How to cite this URL:
Ranjan R, Singh RK, Kumar N, Dutta V. Pediatric subcutaneous panniculitis-like T-cell lymphoma presenting as paraparesis: An unreported manifestation. Neurol India [serial online] 2016 [cited 2020 May 28];64:1035-6. Available from: http://www.neurologyindia.com/text.asp?2016/64/5/1035/190275




Sir,

Subcutaneous panniculitis-like T-cell lymphomas (SPTCLs) are extremely rare non-Hodgkin's lymphomas (NHLs) and are uncommon in the pediatric age group.[1] They are broadly divided into two groups based on the T-cell receptor expression; α/β SPTCL and γ/δ SPTCL.

We report a case of SPTCL in an 11-year-old girl presenting with paraparesis and cutaneous lesions for 1 month. The parents sought medical attention when the child developed paraparesis. She had nodules over the occipital region, right parietal region, anterior abdominal wall, and the lumbar spine. The muscle power in the lower limbs was diminished. Magnetic resonance imaging of the spine showed heterogeneously enhancing epidural lesions with a soft tissue component at D6–D8 vertebrae causing cord compression. An enhancing soft tissue lesion with an osseous defect in the occipital bones and associated soft tissue component was also reported. A clinical differential diagnosis of a sarcoma or metastatic disease was entertained. In view of the progressing paraparesis, a decompression surgery was performed and resulted in a marked symptomatic improvement.

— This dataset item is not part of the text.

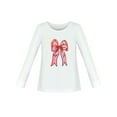 thumbnail image 1 of T-shirt Blanc pour Filles Nœud Papillon Manches Longues 12 Ans, 1 of 2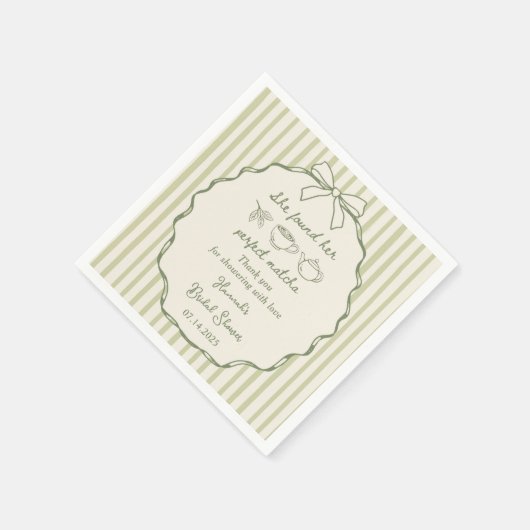 レトロ彼女は彼女の完璧な抹茶ブライダルシャワーを見つけた スタンダードカクテルナプキン (角)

The biopsy showed a subcutaneous lesion with extensive necrosis and sheets of monomorphic malignant small round cells. A preferential perivascular and periadipocytic location of these cells were noted [Figure 1]. These cells on immunohistochemistry were positive for leucocyte common antigen (LCA), cluster difference (CD) 3, and CD8 and were negative for CD 20, terminal deoxynucleotidyl transferase (TDT), CD 99, CD 4, CD30, CD 56, anaplastic lymphoma kinase protein, cytokeratin (CK), vimentin, chromogranin, and synaptophysin. A diagnosis of SPTCL-NHL type was made.
Figure 1: Photomicrograph showing the atypical lymphoid cells with adipocyte rimming.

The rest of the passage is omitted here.